TASK >>
Quote exactly the lines spanning from the top of the data below to the line that contains "U599 Honey Bee", including both.

=== Section Start ===

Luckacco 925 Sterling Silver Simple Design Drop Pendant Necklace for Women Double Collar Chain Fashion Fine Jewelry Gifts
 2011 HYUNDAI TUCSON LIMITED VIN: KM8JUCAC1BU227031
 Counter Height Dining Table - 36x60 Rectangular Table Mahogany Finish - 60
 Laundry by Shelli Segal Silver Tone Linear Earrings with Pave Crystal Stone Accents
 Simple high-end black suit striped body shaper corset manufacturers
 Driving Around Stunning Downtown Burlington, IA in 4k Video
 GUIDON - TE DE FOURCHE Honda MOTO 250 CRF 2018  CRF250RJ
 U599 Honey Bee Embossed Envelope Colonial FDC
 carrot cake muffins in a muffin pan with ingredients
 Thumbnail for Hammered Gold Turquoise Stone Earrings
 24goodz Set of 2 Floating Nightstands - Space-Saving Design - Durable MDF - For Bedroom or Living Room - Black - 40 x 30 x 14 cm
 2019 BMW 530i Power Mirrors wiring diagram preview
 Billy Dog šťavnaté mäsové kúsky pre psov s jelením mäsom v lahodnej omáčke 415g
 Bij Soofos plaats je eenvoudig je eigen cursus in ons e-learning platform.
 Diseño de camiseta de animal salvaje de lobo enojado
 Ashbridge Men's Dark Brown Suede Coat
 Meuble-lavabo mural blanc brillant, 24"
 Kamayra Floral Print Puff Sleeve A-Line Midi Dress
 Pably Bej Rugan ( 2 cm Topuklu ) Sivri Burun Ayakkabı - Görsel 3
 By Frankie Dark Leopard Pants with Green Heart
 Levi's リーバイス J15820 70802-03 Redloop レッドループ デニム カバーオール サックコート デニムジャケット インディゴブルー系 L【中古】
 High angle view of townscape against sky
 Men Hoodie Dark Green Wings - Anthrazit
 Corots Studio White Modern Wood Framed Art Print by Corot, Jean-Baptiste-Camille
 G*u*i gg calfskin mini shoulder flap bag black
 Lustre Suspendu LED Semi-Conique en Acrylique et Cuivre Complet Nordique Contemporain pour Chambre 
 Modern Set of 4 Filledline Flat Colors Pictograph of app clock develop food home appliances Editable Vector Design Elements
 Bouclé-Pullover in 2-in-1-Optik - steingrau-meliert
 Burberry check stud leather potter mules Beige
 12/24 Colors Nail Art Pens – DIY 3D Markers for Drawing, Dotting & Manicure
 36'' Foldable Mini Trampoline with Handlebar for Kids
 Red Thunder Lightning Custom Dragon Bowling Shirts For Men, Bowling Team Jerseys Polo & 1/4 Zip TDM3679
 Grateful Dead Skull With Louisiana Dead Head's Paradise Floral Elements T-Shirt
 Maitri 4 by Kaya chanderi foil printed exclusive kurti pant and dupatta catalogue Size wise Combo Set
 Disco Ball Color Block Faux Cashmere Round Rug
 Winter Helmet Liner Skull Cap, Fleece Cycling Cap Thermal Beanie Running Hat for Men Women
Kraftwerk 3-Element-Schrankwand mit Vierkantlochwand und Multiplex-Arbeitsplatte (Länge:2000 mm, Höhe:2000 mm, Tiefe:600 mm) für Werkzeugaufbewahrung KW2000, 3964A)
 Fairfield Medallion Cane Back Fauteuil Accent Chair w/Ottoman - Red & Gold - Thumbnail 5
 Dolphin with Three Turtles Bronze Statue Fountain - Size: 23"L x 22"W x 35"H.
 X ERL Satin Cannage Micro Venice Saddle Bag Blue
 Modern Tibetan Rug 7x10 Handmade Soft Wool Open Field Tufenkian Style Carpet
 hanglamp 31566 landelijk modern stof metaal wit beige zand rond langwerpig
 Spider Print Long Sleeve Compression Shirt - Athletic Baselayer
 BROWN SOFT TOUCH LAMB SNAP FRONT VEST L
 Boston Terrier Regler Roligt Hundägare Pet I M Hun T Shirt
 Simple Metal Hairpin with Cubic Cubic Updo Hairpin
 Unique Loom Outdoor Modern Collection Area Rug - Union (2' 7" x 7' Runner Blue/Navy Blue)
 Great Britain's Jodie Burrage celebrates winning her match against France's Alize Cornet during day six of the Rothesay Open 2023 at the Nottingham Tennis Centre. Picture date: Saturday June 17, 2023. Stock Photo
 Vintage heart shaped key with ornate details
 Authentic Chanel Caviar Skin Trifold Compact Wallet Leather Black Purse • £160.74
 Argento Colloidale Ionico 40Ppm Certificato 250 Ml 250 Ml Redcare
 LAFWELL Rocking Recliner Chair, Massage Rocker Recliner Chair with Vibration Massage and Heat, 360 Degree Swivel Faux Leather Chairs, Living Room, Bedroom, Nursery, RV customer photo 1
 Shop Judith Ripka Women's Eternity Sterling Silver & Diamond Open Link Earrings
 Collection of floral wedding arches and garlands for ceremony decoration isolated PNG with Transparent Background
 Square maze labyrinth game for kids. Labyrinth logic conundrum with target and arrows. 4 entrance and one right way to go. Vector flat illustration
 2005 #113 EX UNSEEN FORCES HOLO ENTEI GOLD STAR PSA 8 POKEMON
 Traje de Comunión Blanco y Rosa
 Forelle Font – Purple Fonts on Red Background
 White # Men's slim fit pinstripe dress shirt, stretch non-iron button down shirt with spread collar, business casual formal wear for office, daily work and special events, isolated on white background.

=== Section End ===

TASK RESULT >>
Luckacco 925 Sterling Silver Simple Design Drop Pendant Necklace for Women Double Collar Chain Fashion Fine Jewelry Gifts
 2011 HYUNDAI TUCSON LIMITED VIN: KM8JUCAC1BU227031
 Counter Height Dining Table - 36x60 Rectangular Table Mahogany Finish - 60
 Laundry by Shelli Segal Silver Tone Linear Earrings with Pave Crystal Stone Accents
 Simple high-end black suit striped body shaper corset manufacturers
 Driving Around Stunning Downtown Burlington, IA in 4k Video
 GUIDON - TE DE FOURCHE Honda MOTO 250 CRF 2018  CRF250RJ
 U599 Honey Bee Embossed Envelope Colonial FDC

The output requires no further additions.